Usai minum obat dokter, kondisi Ibu terlihat lebih segar dan membaik. Ibu bisa tidur nyenyak dan tidak bolak-balik ke kamar mandi. Aku lega, lalu berangkat lagi ke kantor setelah beberapa jam kutinggalkan untuk makan siang tadi.
Sepertinya, aku tak perlu mengantar Ibu melakukan pemeriksaan ke laboratorium lagi, agar tidak tertular virus berbahaya itu. Begitu pun Ibu, beliau tidak bersedia pergi ke laborat, takut juga katanya. Â
Dua hari berlalu, tiba-tiba Ibu mengeluh lagi. Kali ini badannya terasa panas. Aku coba ukur dengan termometer yang ada. Benar saja, Ibu mengalami demam tinggi.
Obat demam yang tempo hari diberikan dokter masih ada. Kusarankan Ibu untuk meminumnya sebelum kembali ke klinik. Berhasil, panas bisa diredam. Ibu tidak mengeluh lagi.
Namun, kondisi Ibu semakin memburuk, beliau makin lemah. Tak ada jalan lain, aku harus membawanya ke rumah sakit. Aku tidak ingin terjadi apa-apa dengan Ibu, setelah kepergian istriku dua bulan lalu, Ibu adalah perempuan satu-satunya yang kupunya.

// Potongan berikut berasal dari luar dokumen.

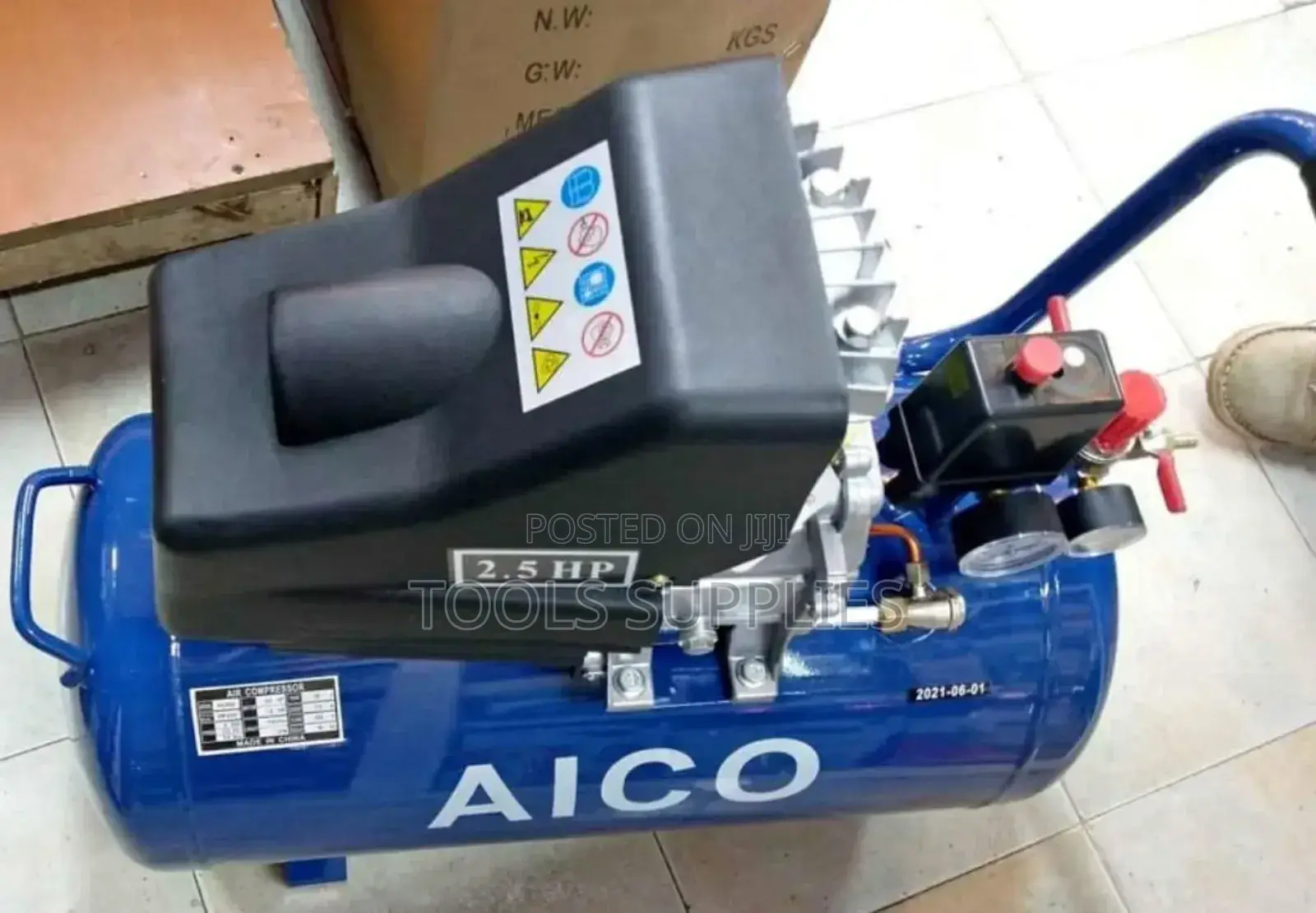 Electric Direct Air Compressor 25 Litres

Sore itu, sesampainya di instalasi gawat darurat, Ibu segera ditangani dengan baik. Sambil menunggu hasil pemeriksaan, aku diminta menyelesaikan semua administrasi di ruang lain. Tanda tangan beberapa kali di formulir berbeda, membuatku gelisah dengan keadaan Ibu.
Menjelang Ramadan, tepat ketika azan Magrib mulai berkumandang, saat itu juga Ibu menghembuskan napas terakhirnya. Aku hanya diam dan terpaku pada keadaan. Wanita yang telah melahirkanku berpulang dalam dekapan.
Ya Tuhan, ujian apa lagi ini? Dua bulan yang lalu istriku telah Kau panggil. Kini Ibuku, begitu banyakkah  dosa dan kesalahan yang telah kulakukan, sehingga kedua perempuanku Kau panggil dalam waktu yang tak lama berselang?
Aku tersedu dalam pilu, sendiri menghadapi kenyataan. Siapa lagi pelipur kalbu saat gundah melanda? Tuhan, adilkah ini?
Perawat datang memintaku ke ruang dokter. Di sana hasil beberapa pemeriksaan Ibu dari laborat telah siap. Aku hanya bisa menyimak tanpa bisa berkata-kata.